At Length In A Small Brook Flowing Into The Middle River
We Found The Trout More Sociable; And It Is
Lucky that we did so, for
I should with reluctance stain these pages with a fiction; and yet
the public
Would have just reason to resent a fish-story without any
fish in it. Under a bank, in a pool crossed by a log and shaded by a
tree, we found a drove of the speckled beauties at home, dozens of
them a foot long, each moving lazily a little, their black backs
relieved by their colored fins. They must have seen us, but at first
they showed no desire for a closer acquaintance. To the red ibis and
the white miller and the brown hackle and the gray fly they were
alike indifferent. Perhaps the love for made flies is an artificial
taste and has to be cultivated. These at any rate were uncivilized
-trout, and it was only when we took the advice of the young McGregor
and baited our hooks with the angleworm, that the fish joined in our
day's sport. They could not resist the lively wiggle of the worm
before their very noses, and we lifted them out one after an other,
gently, and very much as if we were hooking them out of a barrel,
until we had a handsome string. It may have been fun for them but it
was not much sport for us. All the small ones the young McGregor
contemptuously threw back into the water. The sportsman will perhaps
learn from this incident that there are plenty of trout in Cape
Breton in August, but that the fishing is not exhilarating.

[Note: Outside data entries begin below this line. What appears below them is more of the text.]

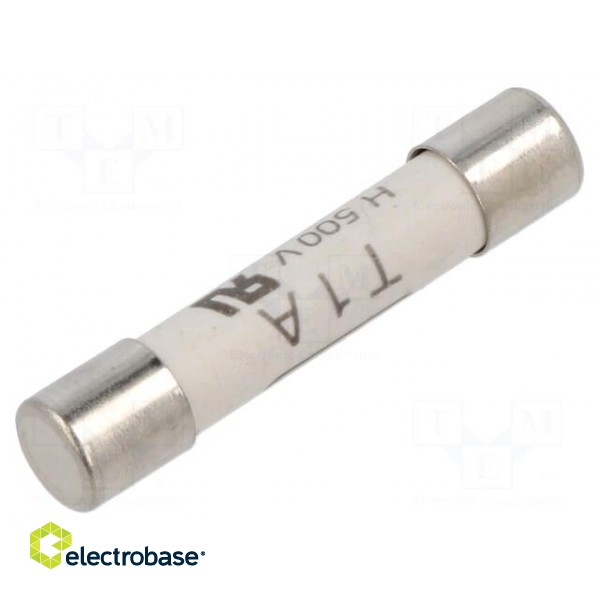 Fuse: fuse | time-lag | 1A | 500VAC | ceramic,cylindrical | 6,3x32mm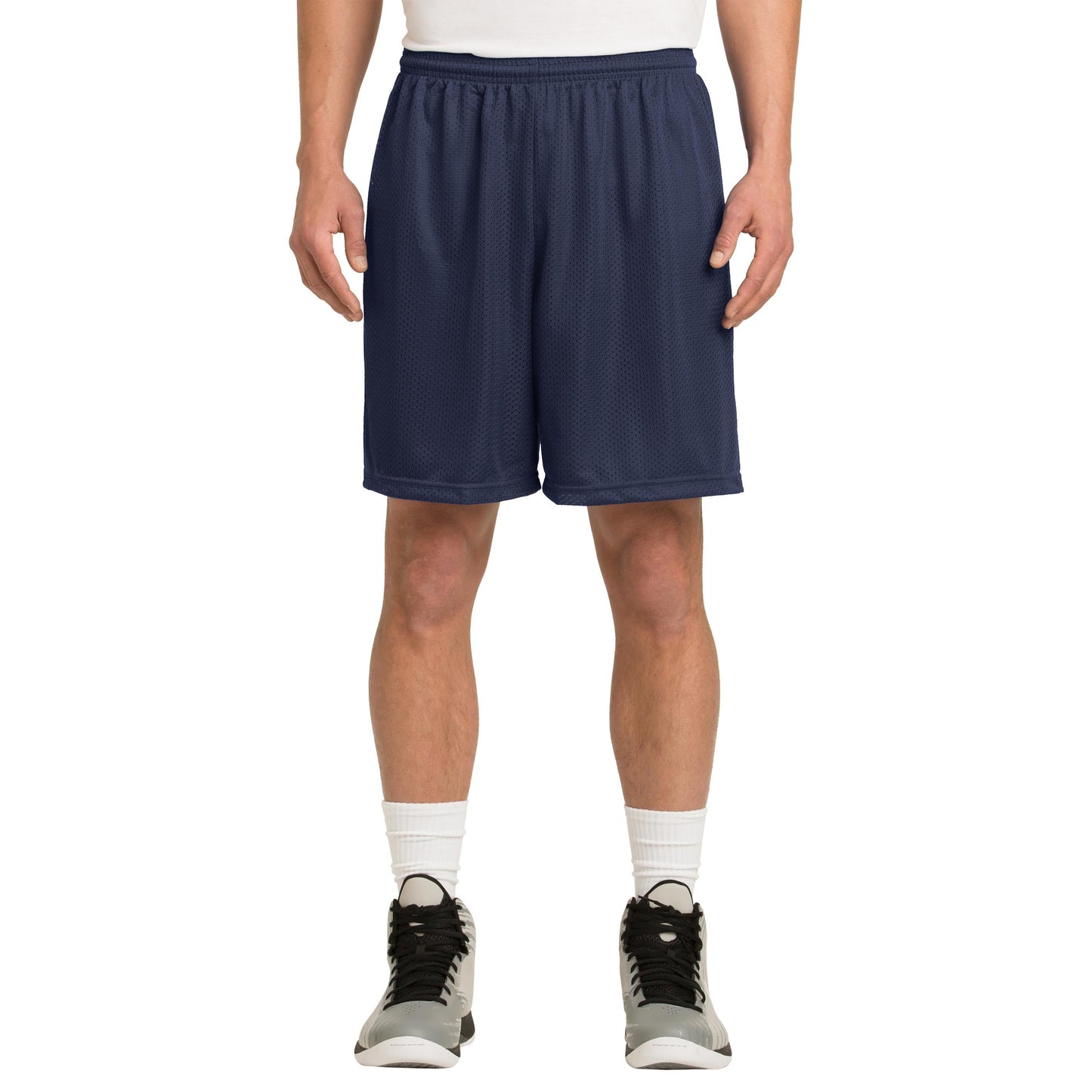 Black Mesh Shorts - Sport-Tek - Athletic Design - Durable Quality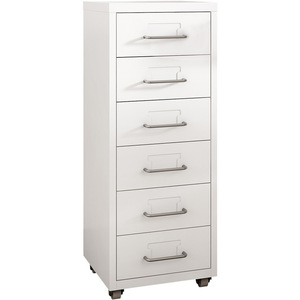 Meuble de rangement mobile à 6 tiroirs Three Arrows, en métal, avec roulettes, pour bureau - Product Image 5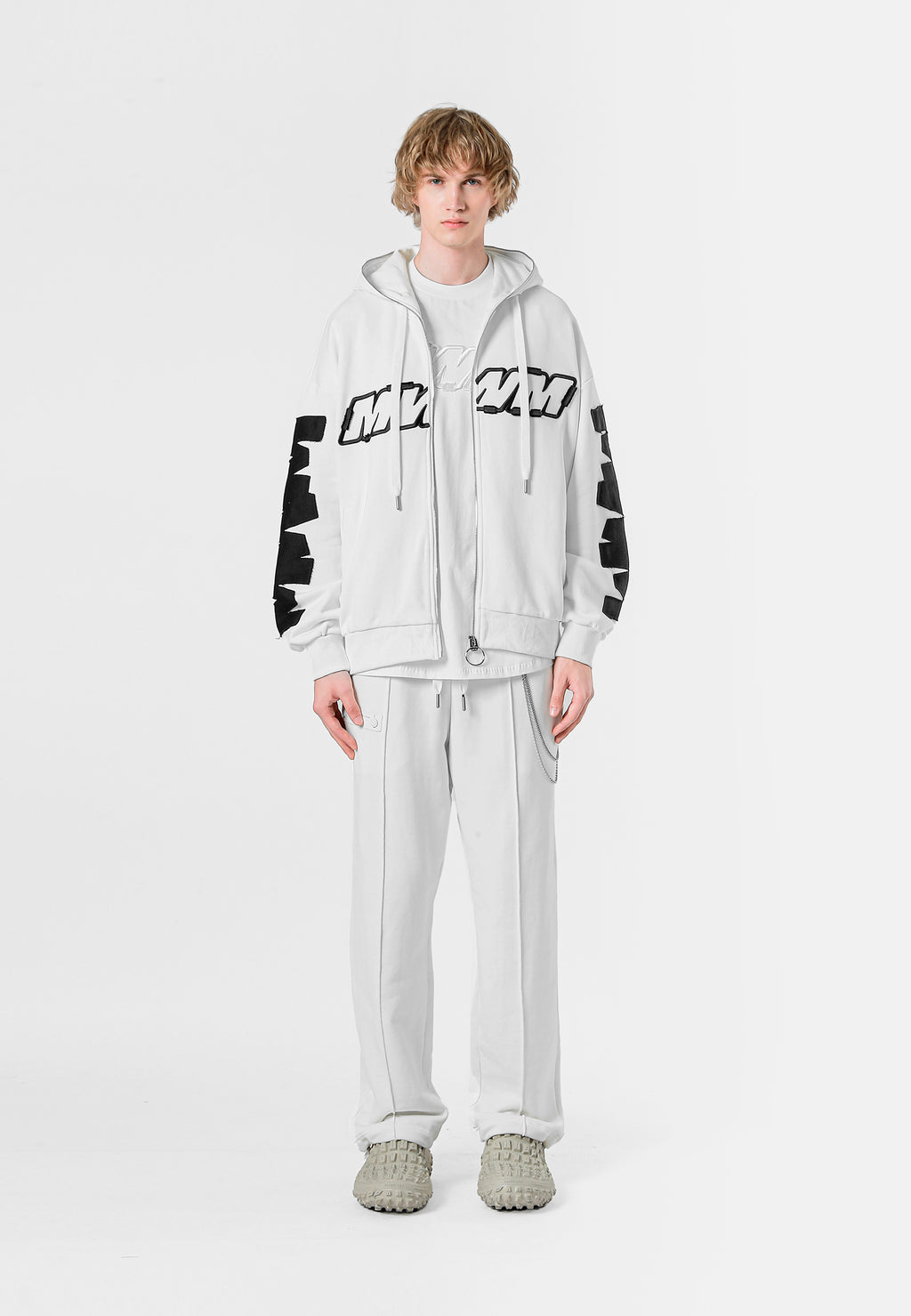 SUDADERA CON CAPUCHA LOGO MWM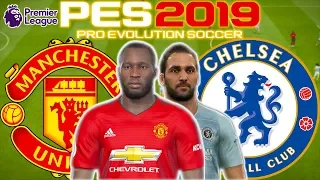 Manchester United vs Chelsea Prediction | English Premier League 28th Apr | PES 2019 Gameplay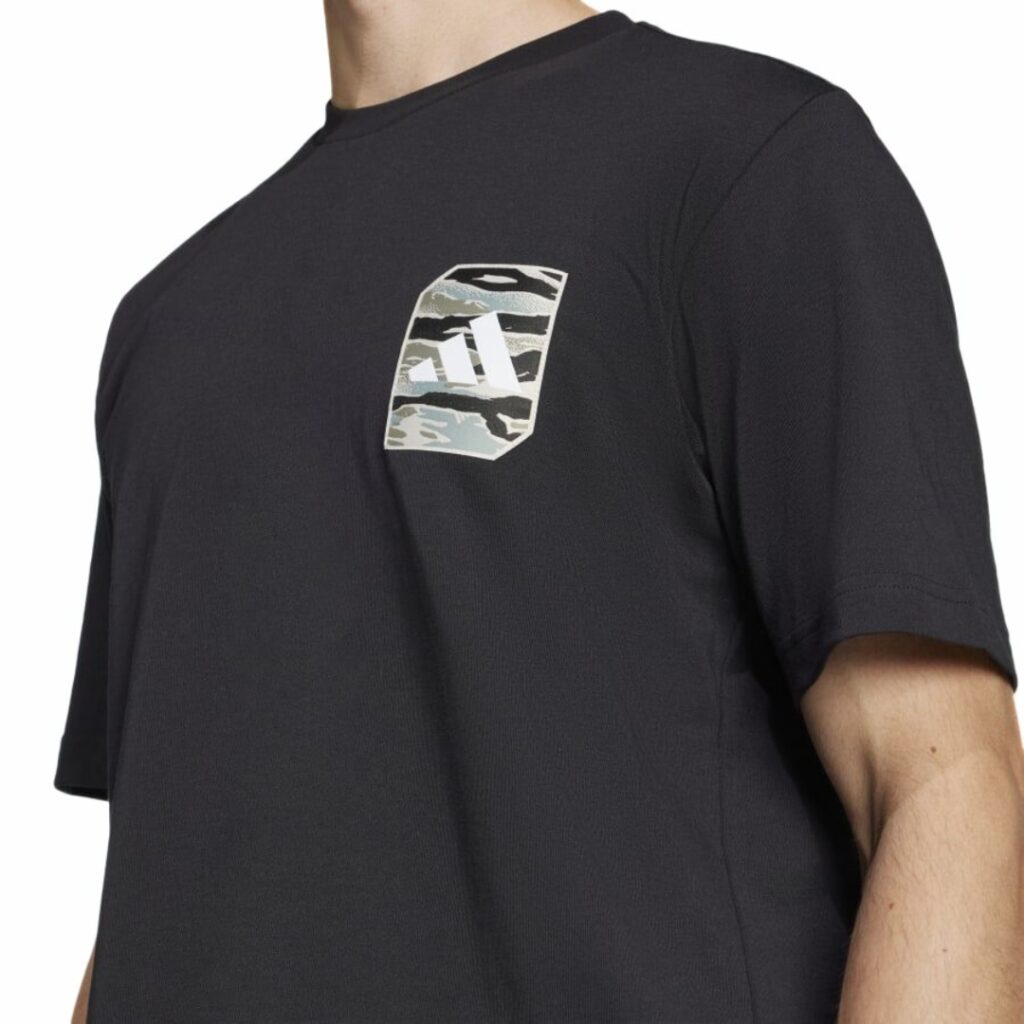 Adidas T-shirt Camo Graphic - Black - immagine 2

The next morning the semi-weekly steamboat from Sydney came into the
bay, and drew all the male inhabitants of Baddeck down to the wharf;
and the two travelers, reluctant to leave the hospitable inn, and the
peaceful jail, and the double-barreled church, and all the loveliness
of this reposeful place, prepared to depart. The most conspicuous
person on the steamboat was a thin man, whose extraordinary height
was made more striking by his very long-waisted black coat and his
very short pantaloons. He was so tall that he had a little
difficulty in keeping his balance, and his hat was set upon the back
of his head to preserve his equilibrium. He had arrived at that
stage when people affected as he was are oratorical, and overflowing
with information and good-nature. With what might in strict art be
called an excess of expletives, he explained that he was a civil
engineer, that he had lost his rubber coat, that he was a great
traveler in the Provinces, and he seemed to find a humorous
satisfaction in reiterating the fact of his familiarity with Painsec
junction. It evidently hovered in the misty horizon of his mind as a
joke, and he contrived to present it to his audience in that light.

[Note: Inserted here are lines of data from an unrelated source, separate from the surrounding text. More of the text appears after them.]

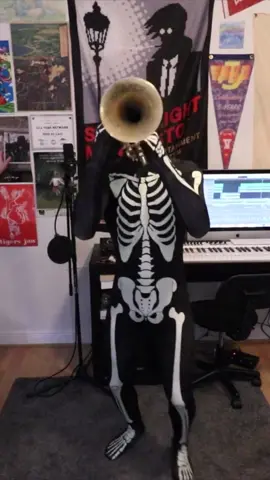 We’re so sorry skeletons, you’re so misunderstood 😢😢😢 you only want to socialize, but I don’t think we should 😭😭😭☠️☠️☠️ HAPPY SKALLOWEEN! This was a BANGER off of my Halloween cover record from a few years ago! The full video has been on YouTube for 6 years now! These videos have been possible because of the supporters on Patreon!  If you wanna support and help me continue to put out BANGERS like this, consider joining the Patreon!  #ska #punk #halloween #spookyscaryskeletons #coversong 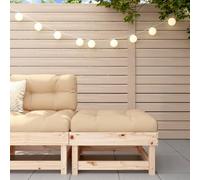 BOWEKAM Home & Garden Repose-pieds avec coussin en pin massif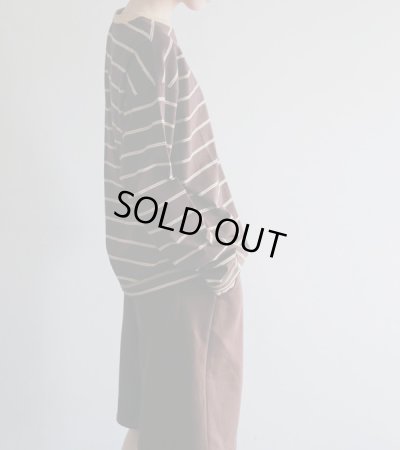 画像23: ボーダールーズロングTシャツ　Border Loose Long T-shirts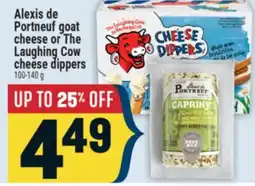 Marché Adonis Alexis de Portneuf goat cheese or The Laughing Cow cheese dippers offer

From the deck of the steamboat he addressed the town, and then, to
the relief of the passengers, he decided to go ashore. When the boat
drew away on her voyage we left him swaying perilously near the edge
of the wharf, good-naturedly resenting the grasp of his coat-tail by
a friend, addressing us upon the topics of the day, and wishing us
prosperity and the Fourth of July. His was the only effort in the
nature of a public lecture that we heard in the Provinces, and we
could not judge of his ability without hearing a "course."

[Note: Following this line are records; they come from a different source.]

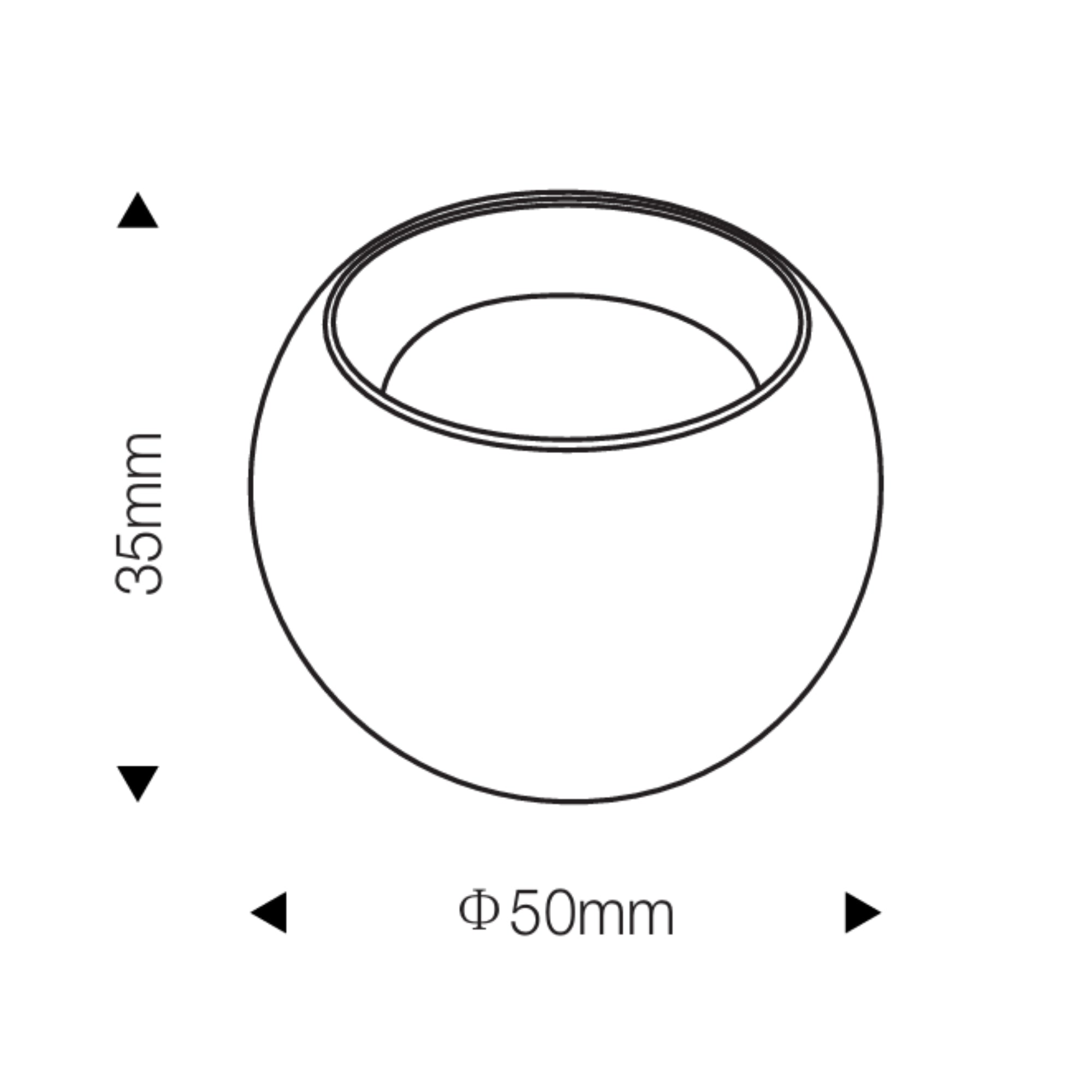 Axis Curved Magnetic Track Sphere Spotlight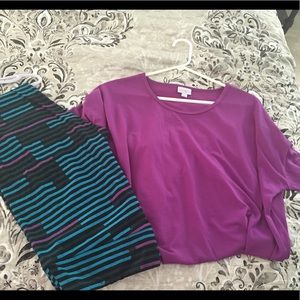 LULAROE Irma in M & TC leggings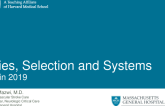 Studies, Systems and Selection: Stroke in 2019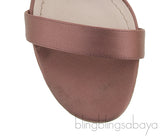 Old Rose Strappy Sandals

Perhaps it needed this slight disturbance, and the contrast of this
hazy mind with the serene clarity of the day, to put us into the most
complete enjoyment of our voyage. Certainly, as we glided out upon
the summer waters and began to get the graceful outlines of the
widening shores, it seemed as if we had taken passage to the
Fortunate Islands.
V
"One town, one country, is very like another; ...... there are indeed
minute discriminations both of places and manners, which, perhaps,
are not wanting of curiosity, but which a traveller seldom stays long
enough to investigate and compare." - DR. JOHNSON.
There was no prospect of any excitement or of any adventure on the
steamboat from Baddeck to West Bay, the southern point of the Bras
d'Or. Judging from the appearance of the boat, the dinner might have
been an experiment, but we ran no risks. It was enough to sit on
deck forward of the wheel-house, and absorb, by all the senses, the
delicious day. With such weather perpetual and such scenery always
present, sin in this world would soon become an impossibility. Even
towards the passengers from Sydney, with their imitation English ways
and little insular gossip, one could have only charity and the most
kindly feeling.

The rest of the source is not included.